Tras el importantísimo mensaje a la Curia Vaticana, del que hablé la semana pasada, Su Santidad el Papa aprovechó la siguiente oportunidad que tuvo -apenas dos días más tarde, en la Misa del Gallo- para hacer un himno a la humildad y una apelación contra la soberbia.

 Apoyándose en los escritos y en la experiencia espiritual de San Francisco de Asís, Benedicto XVI se refirió al significado profundo de la aparición del Hijo de Dios, del Todopoderoso, en la humildad de la cueva de Belén y como un niño recién nacido. Recordó que, por motivos de seguridad, la antigua gran puerta que daba acceso a la basílica de la Natividad en Belén ha sido tapiada casi en su totalidad para dejar un pequeño acceso de apenas metro y medio de alto, lo cual obliga forzosamente a inclinarse para cruzarlo.

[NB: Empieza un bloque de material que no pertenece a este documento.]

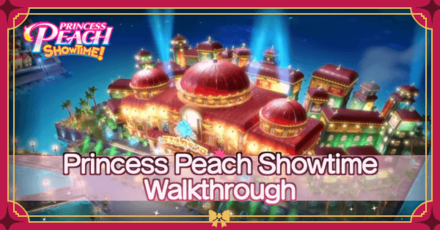 Princess Peach Showtime - Walkthrough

"Quien desea entrar en el lugar del nacimiento de Jesús, tiene que inclinarse" afirmó-. Me parece que en eso se manifiesta una cercanía más profunda, de la cual queremos dejarnos conmover en esta Noche santa: si queremos encontrar al Dios que ha aparecido como niño, hemos de apearnos del caballo de nuestra razón «ilustrada». Debemos deponer nuestras falsas certezas, nuestra soberbia intelectual, que nos impide percibir la proximidad de Dios. Hemos de seguir el camino interior de san Francisco: el camino hacia esa extrema sencillez exterior e interior que hace al corazón capaz de ver. Debemos bajarnos, ir espiritualmente a pie, por decirlo así, para poder entrar por el portal de la fe y encontrar a Dios, que es diferente de nuestros prejuicios y nuestras opiniones: el Dios que se oculta en la humildad de un niño recién nacido".

Humildad, por lo tanto. Esa humildad franciscana que no está reñida con la razón sino que parte del reconocimiento de Dios como Dios y del hombre como hombre. Yo no soy Dios, debe ser nuestro punto de partida. Sólo así podremos entender en toda su plenitud el amor infinito de Dios por nosotros. Sólo así podremos disfrutarlo y sentirnos afortunados por él. Sólo así podremos agradecerlo. Yo no soy Dios, ni quiero serlo, ni puedo serlo. Pero eso no significa que no sea nada. Soy una criatura amada por Dios y, por el bautismo, soy un hijo adoptivo de Dios. Estoy llamado a la santidad y a la plenitud de la felicidad que, precisamente el amor misericordioso que Dios me tiene, va a hacer posible. De ahí mi alegría. Sólo el humilde puede agradecer y sólo el que agradece puede estar alegre y ser plenamente feliz. Esta es la lección de la Navidad que el Papa nos ha querido recordar este año.